The raffle is Saturday, Nov. 24, 7 p.m., at the post, 111 108th Ave.
Tickets are $5 each or three for $10. Proceeds will benefit the post’s charitable and civic activities.
Cassady, 73, and his wife Barb, live in Tampa, visit Treasure Island frequently and stop in regularly at Post 158.
“They come in here a lot,” said Cheryl Ross, bar manager at the post. “We had a poker run and a blood drive going on and (Howard) asked if we would be interested in raffling off one of his Heisman footballs.”
Cassady, a former running back and defensive back at Ohio State, won the Heisman Trophy – college football’s most prestigious award – in 1955. The same year he was named the Associated Press Athlete of the Year and won the Maxwell Award, a similar award for the nation’s top college football player.
As a past Heisman winner, he is invited each year by the Downtown Athletic Club to the Heisman selection ceremony in New York. Past Heisman winners are given a commemorative football each year to use for autographs from other past Heisman winners.
The football to be raffled is one of those.

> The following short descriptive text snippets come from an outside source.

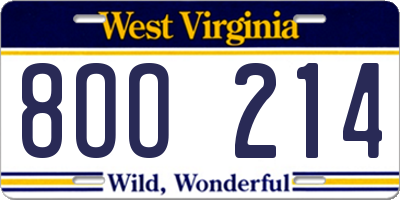 WV license plate 8OO214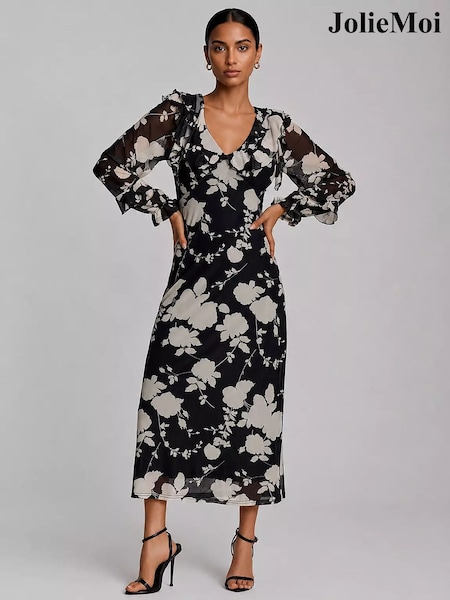Black - Jolie Moi V-neck Long Sleeve Mesh Midaxi Dress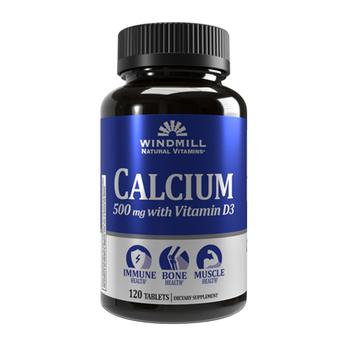 推荐Windmill Calcium 500mg with Vitamin D3 Tablets, 120 Ea商品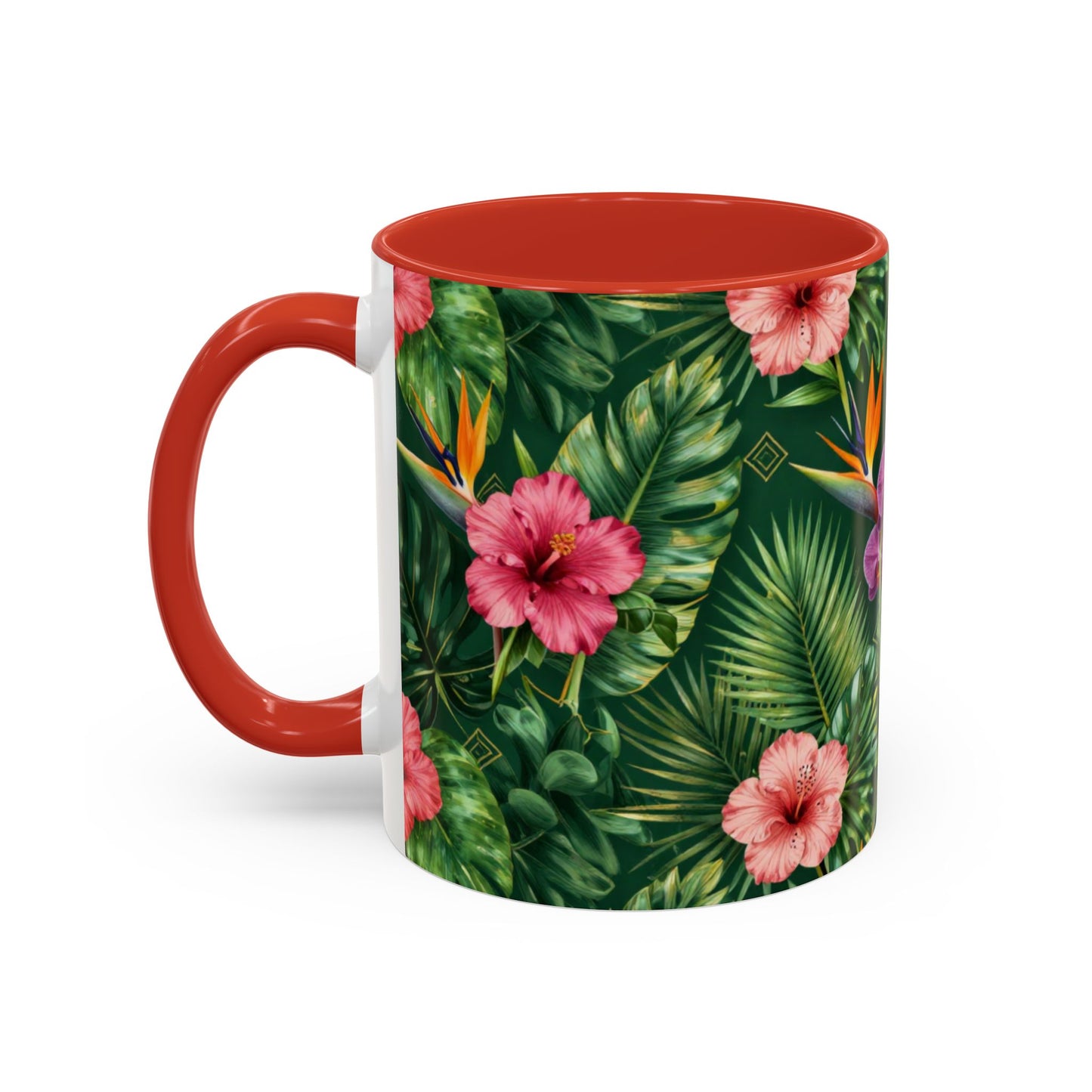 Tropical Floral Coffee Mug — Orchid & Hibiscus Accent 11/15oz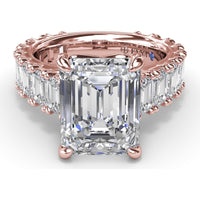 Chunky Emerald Cut Diamond Engagement Ring Setting with 16 Side Stones - 4.96 Carat Total Side Stone Weight by Fana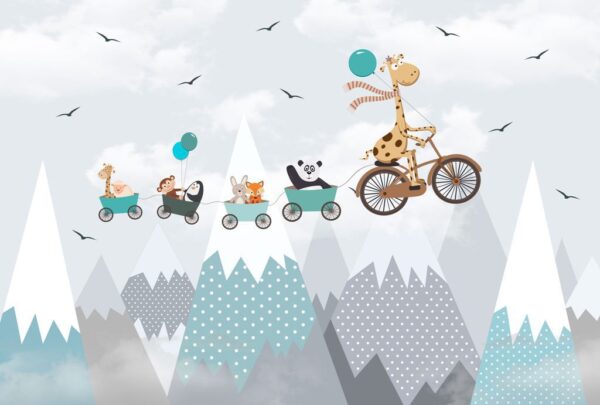 Papier Peint Train De Montagne Volant Pour Enfants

It contains the autographs of 21 former Heisman winners, including John Lattner (1953), Pete Dawkins (1958), Billy Cannon (1959), Joe Bellino (1960), Gary Beban (1967), Johnny Rodgers (1972), Billy Sims (1978), George Rogers (1980), Ty Detmer (1990), Gino Torretta (1992), Danny Wuerffel (1996) and Eric Crouch (2001).
Cassady got his nickname his freshman year at Ohio State when sports writers who saw him play said he “hopped all over the field like the performing cowboy.”
Cassady, an All-American in 1954 and 1955, scored 37 touchdowns in 36 games for the Buckeyes. He posted a career rushing total of 2,466 yards, 4,403 all-purpose yards and scored 222 career points.
As a defensive back, he never had a pass completed against him in four seasons.
Following college, he was the third pick overall in the 1956 NFL draft by the Detroit Lions. He also played for the Cleveland Browns and Philadelphia Eagles before retiring in 1963. As an all-purpose back, he scored 27 career touchdowns.